Multiplying matrices of different element types

Let’s say I have the following C++ API function:

struct matrix;
void matrix_mult( matrix & result, matrix const & left, matrix const & right );

Suppose also that I want to be able to store the matrix elements in various physical formats. Yes, one possibility would be float elements, but I also want to use other formats, for example 16-bit unsigned int elements mapped to the 0…1 floating point interval.

I am trying to implement this function in CUDA using texture fetches and I’m realizing that internally I have to write all possible variations based on the format used to store the matrix elements in device memory (for example I want to be able to multiply a matrix that uses 8-bit unsigned ints elements on the left by a matrix that uses 16-bit unsigned ints on the right, and store the result in a matrix that uses 32-bit float elements.)

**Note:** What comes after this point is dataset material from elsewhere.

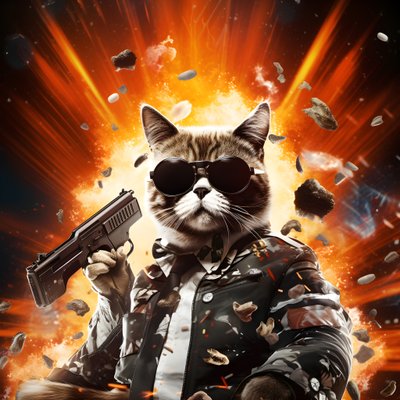 film poster van een kat die een zwart-wit gestippeld shirt en een glanzende zonnebril draagt, met explosies en kanonnen op de achtergrond door Kurt Heppke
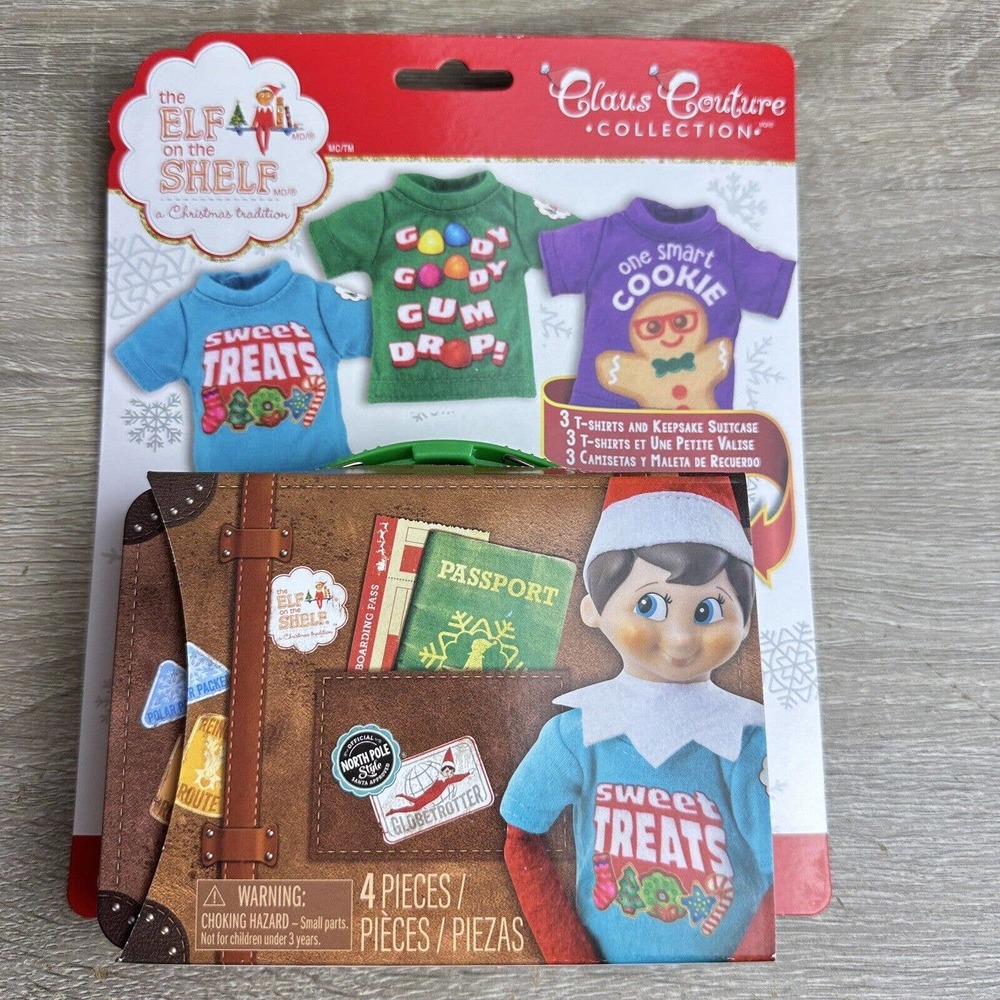 Elf on the Shelf 3 T-Shirts & Suitcase Keepsake Claus Couture 4pc Brand New HOT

As far as I can tell, the only way to specify the physical format is as the first argument of the texture<> template, since tex2D takes an instance of that template as an argument. This is a real bummer because otherwise texture fetching does the conversion to float in the 0…1 interval automatically. If there is a way to do texture fetches this way, the only variation of the kernel I’d have to implement is to support different output types.

So, is there no way to read a texture without knowing the exact physical format of its elements?

This is especially puzzling since in GLSL or HLSL I don’t need to write different versions of a shader to support different physical formats of the input (and even the output.)